The ball and socket joint in the hip is formed by the femoral head (ball) and the cup-shaped cavity of the pelvis known as the acetabulum (socket). These bony components are kept stable by the labrum–strong, fibrous cartilage that covers the acetabulum–and the ligaments and tendons that surround the hip and control movement. Snapping hip syndrome is a condition in which movement of the hip generates a snapping sound that can be both heard and felt. This effect can be reproduced by running, walking, swinging your leg, or getting up from the chair. This snapping sensation is caused by the movement of soft tissues over a bony protrusion in the hip and can occur in the front, back or sides of the hip.
Snapping hip syndrome is most commonly the result of muscle and tendon tightness in the soft tissues around the hip. Individuals who participate in sports and extracurricular activities that require bending at the hip are more likely to experience snapping hip; consequently, dancers are especially vulnerable to the condition. Young athletes are also more likely to suffer from snapping hip syndrome, because adolescent growth patterns generally cause tightness in the soft tissue structures of the hip. In rarer instances, the snapping can be caused by a torn or loose piece of cartilage, which can ultimately lodge in the joint and cause a “locked” hip.

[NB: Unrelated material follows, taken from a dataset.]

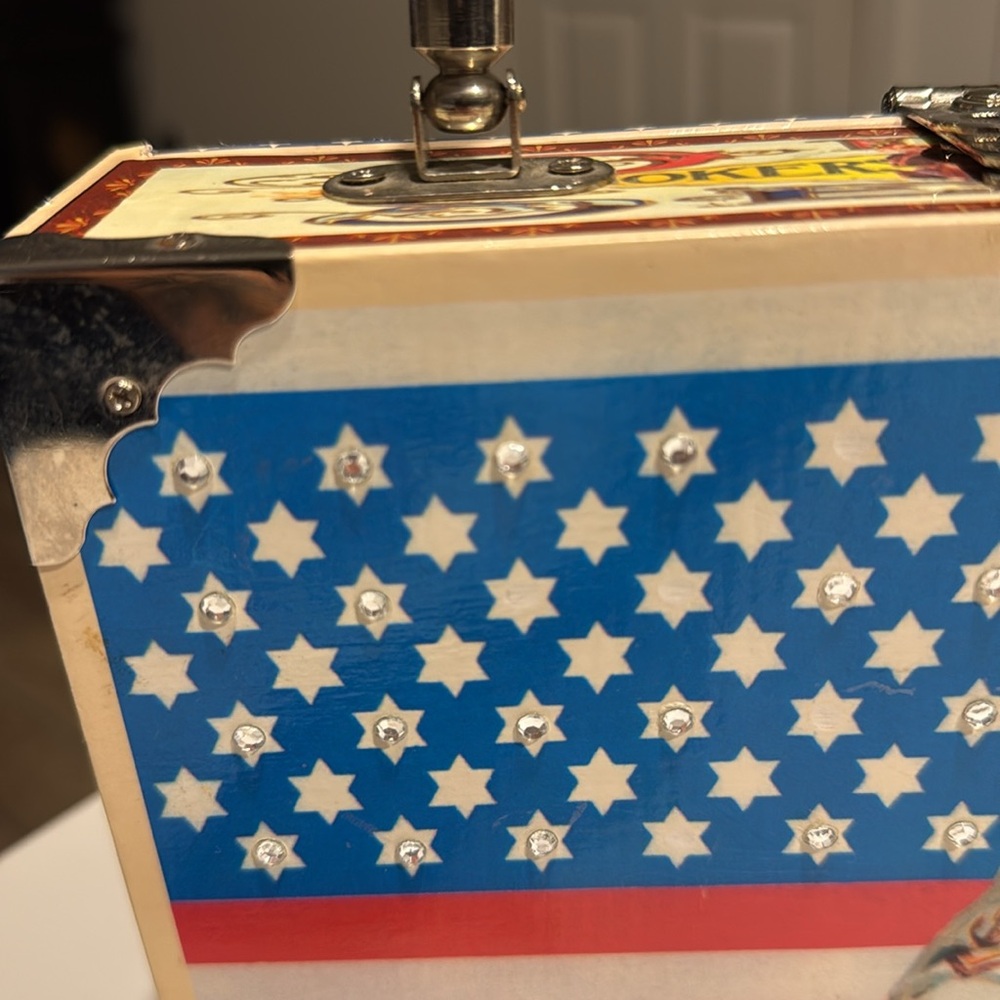Novelty Bag - Picture 2 of 9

The most common form of snapping hip syndrome is located in the front of the hip where the hip flexor (iliopsoas tendon) snaps over the front of the hip. This is known as internal snapping hip (coxa saltans) and is very common in young females. Snapping is also common on the outside of the hip and is the result of the iliotibial band (soft tissue) snapping as it passes over the greater trochanter (bony prominence).

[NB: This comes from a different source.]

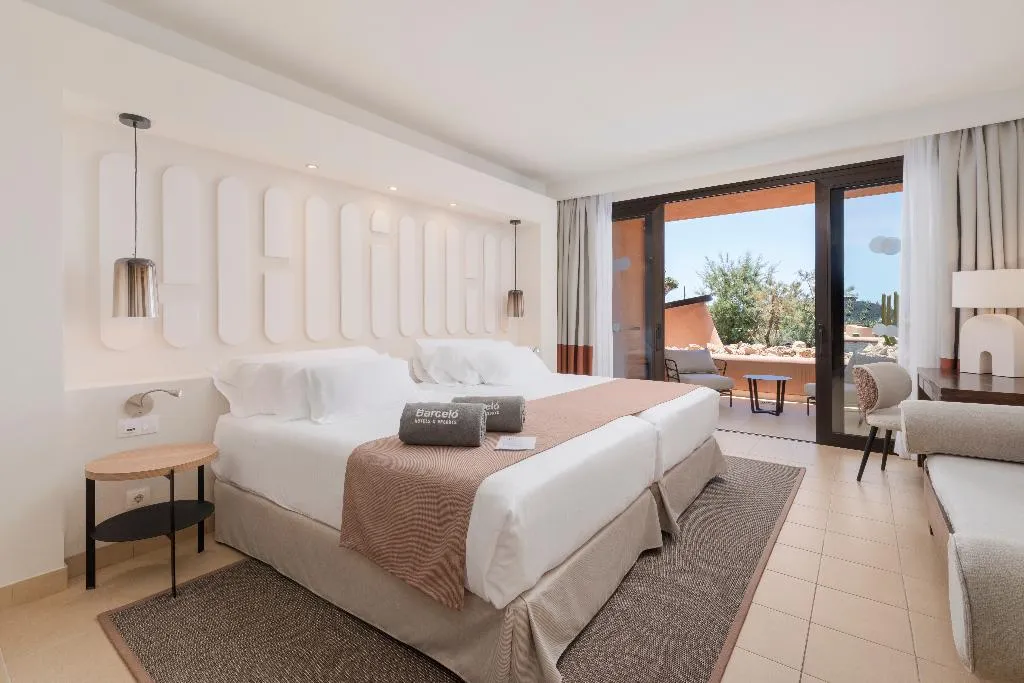 Double or Twin DELUXE Room, Barcelo Tenerife Royal level, Tenerife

The most common symptom of snapping hip syndrome is an audible, tangible snapping sensation as the hip flexes and extends. There is sometimes pain and weakness associated with the snapping, but not always. Even without pain, however, this sensation can be very unnerving and will ultimately lead to larger issues if it is left untreated.
Diagnosis and Treatment
In order to diagnose snapping hip syndrome, a physician will complete a thorough physical examination accompanied by a detailed family and medical history. During this examination, you will likely be asked to reproduce the snapping sound by moving your hip along different plans and in different directions. Your physician may also order diagnostic imaging tests to better visualize the anatomy of your hip; x-ray images will help them visualize the bony prominences that may be causing the snapping sensation, while magnetic resonance imaging (MRI) may be used to visualize the soft tissues that are at fault.
If you have been diagnosed with snapping hip syndrome, your physician will likely first recommend a conservative course of treatment. This could include stretching, rest, activity modification, physical therapy, non-steroidal anti-inflammatory drugs (NSAIDs), and steroid injections. Steroid injections are commonly done with ultrasound to better visualize the structures. If you fail conservative treatment, you can elect to move forward with surgical intervention. Surgery for snapping hip syndrome is generally done arthroscopically and requires your physician to release the soft tissues or shave down the bony prominences that are causing the snapping sensation.